Ala. church marks 50 years since bombing

Hundreds gather in memory of 4 girls killed in Klan-orchestrated attack

9/15/2013
ASSOCIATED PRESS
Churchgoers gather outside as a wreath is placed at 16th Street Baptist Church in Birmingham, Ala., on the 50th anniversary of the bombing that killed four young girls and galvanized the civil rights movement. Hundreds attended Sunday’s commemoration event and said the work to ensure racial equality is unfinished.
Churchgoers gather outside as a wreath is placed at 16th Street Baptist Church in Birmingham, Ala., on the 50th anniversary of the bombing that killed four young girls and galvanized the civil rights movement. Hundreds attended Sunday’s commemoration event and said the work to ensure racial equality is unfinished.

BIRMINGHAM, Ala. — Hundreds of people — black and white, many holding hands — filled an Alabama church bombed by the Ku Klux Klan 50 years ago today to mark the anniversary of the blast that killed four little girls and became a landmark moment in the civil rights struggle.

The Rev.
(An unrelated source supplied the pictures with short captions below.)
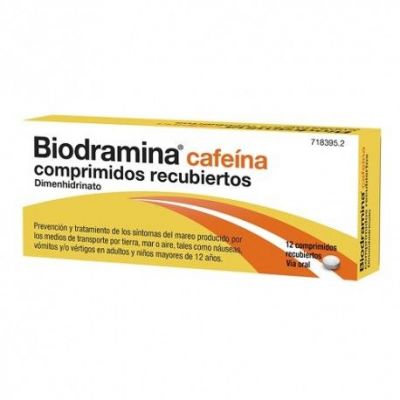BIODRAMINA CAFEINA 12 COMPRIMIDOS RECUBIERTOS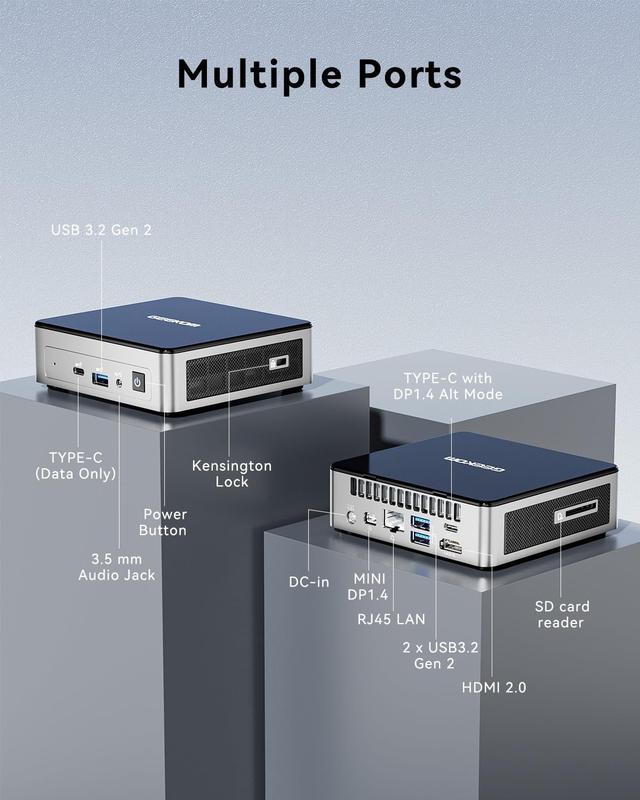 GEEKOM Mini Air 12【N100】 GEEKOM Mini PC, Mini PC 2024 NUC 12 Essential, Mini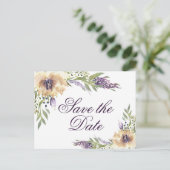 Anemone Garden Sage Green Creme Boho Save the Date Postkarte (Stehend Vorderseite)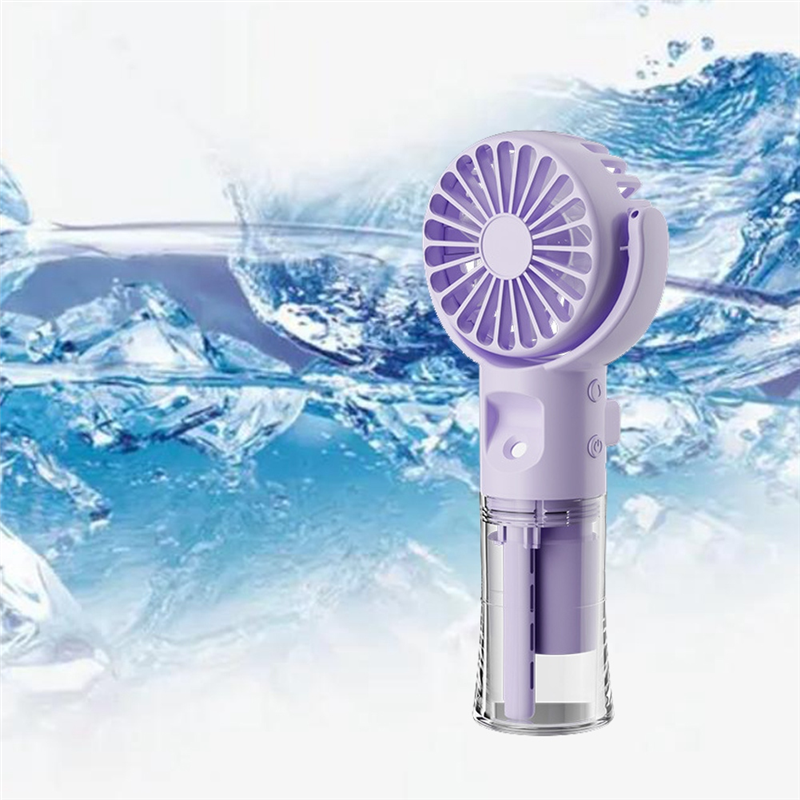 F4 Handheld Misting Fan Humidifying Misting Fan Hanging Neck Fan Folding Mini Handheld Fan White. 
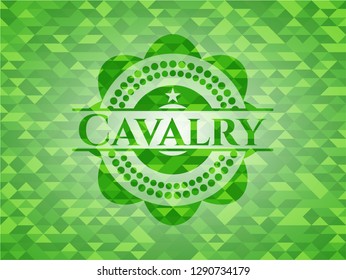 Cavalry green emblem with triangle mosaic background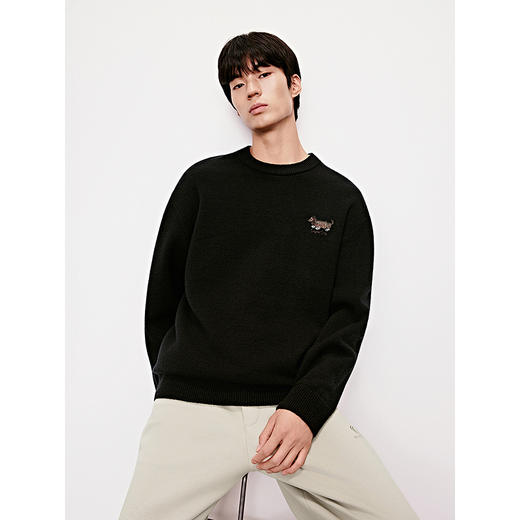 GXG男装 腊肠狗小标毛衣休闲简约针织衫通勤线衫 2025年冬季热卖 商品图3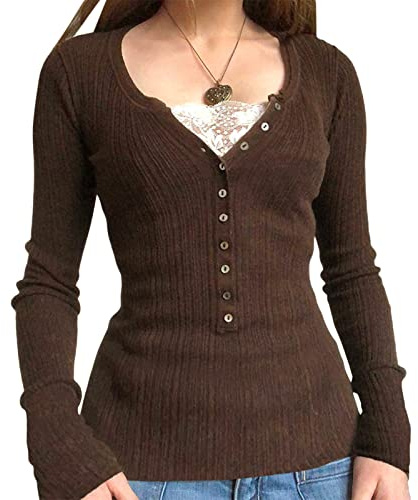 Womens Long Sleeve Henley Tops Casual Button Up Tunic Blouse Ribbed Slim Fit Shirts Y2K Lace Patchwork Pullover Shirt
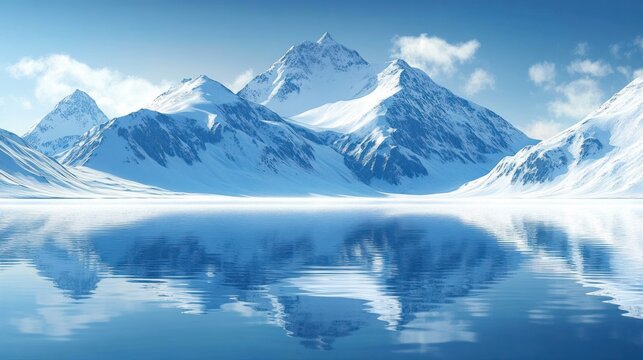 Snow covered mountain peaks reflected in a calm icy blue lake under a clear sky with soft clouds, evoking serene winter tranquility - Powered by Adobe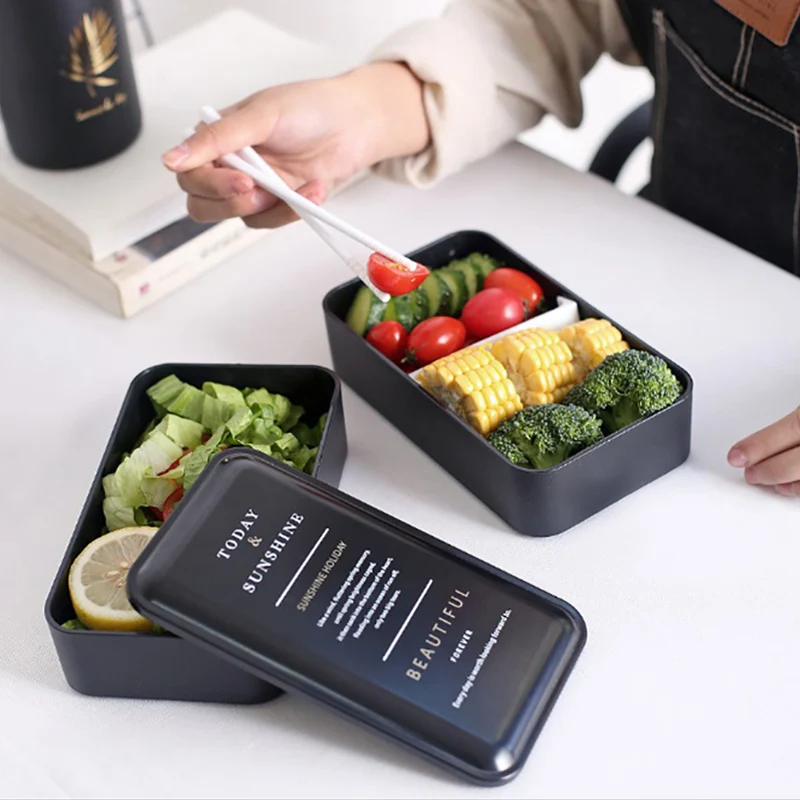 Ланч бокс двухслойный Портативный Bento box экологичный пищевой контейнер с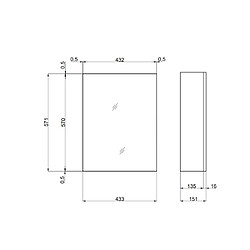 Kiamami Valentina MIROIR DE RANGEMENT POUR SALLE DE BAIN AVEC UNE PORTE BLANC 45 CM pas cher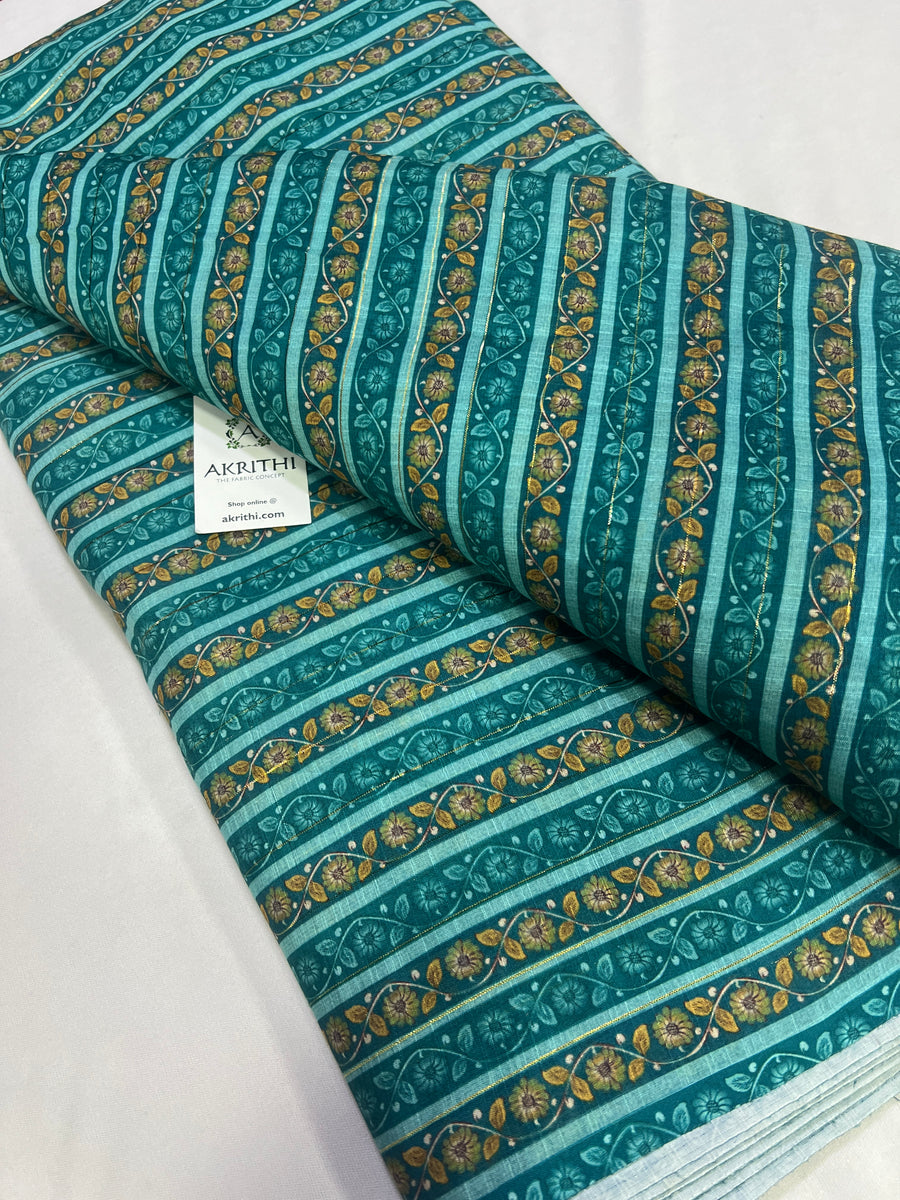 Digital printed munga cotton fabric with Zari lines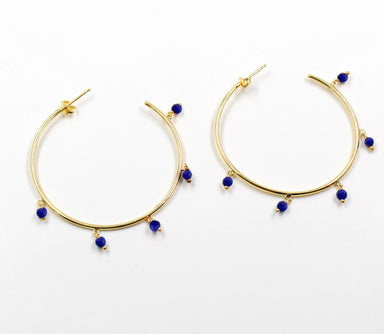 Sapphire Beads Hoop Earring 925 Sterling Silver Jewelry Birthday Gift Thanksgiving - By Maya Studio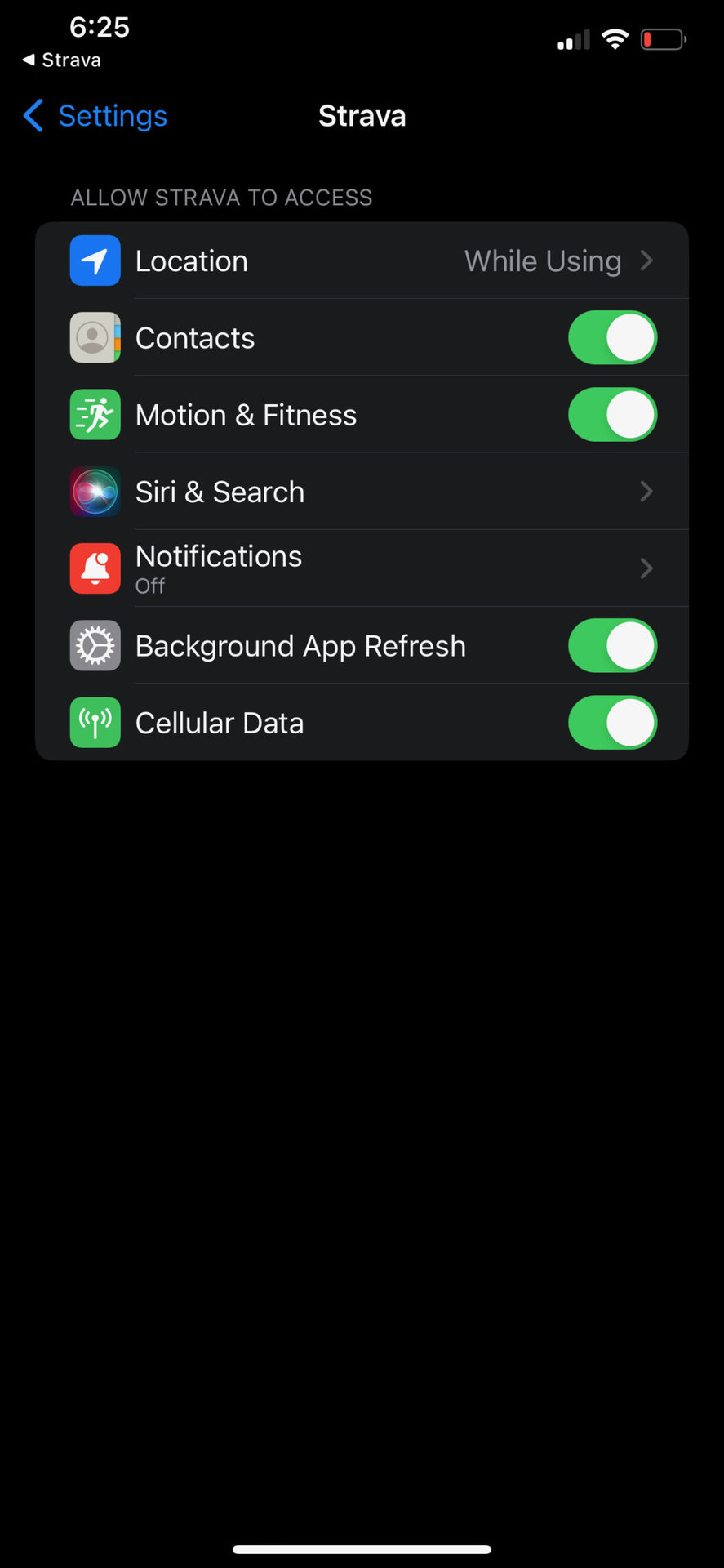 Strava Screenshot Apple Permissions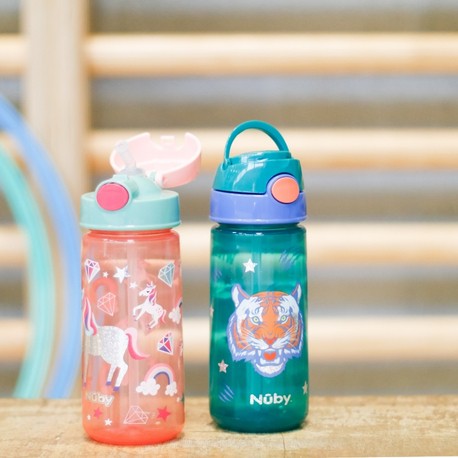 Nüby, Glitter drinkfles met rietje, 3 jaar, Pink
Arthur Price taught the same Sunday School lesson that members of 16th Street Baptist Church heard that morning: “A Love That Forgives.”

Then the rusty old church bell tolled four times as the girls’ names were read.

Bombing survivor Sarah Collins Rudolph, who lost an eye and sister Addie Mae Collins in the blast, stood as a wreath was placed where dynamite exploded along an outside wall.

Ms. Rudolph was 12 at the time, and her family left the church after the bombing. She said it was important to return in memory of her sister, who was 14, and the three others who died: Carole Robertson and Cynthia Wesley Morris, both 14, and Denise McNair, 11.

“God spared me to live and tell just what happened on that day,” said Ms. Rudolph, who testified against the Klansmen convicted years later in the bombing.

Congregation members and visitors sang “Love Lifted Me” and joined hands in prayer. The Sunday School lesson was followed by a raucous, packed worship service.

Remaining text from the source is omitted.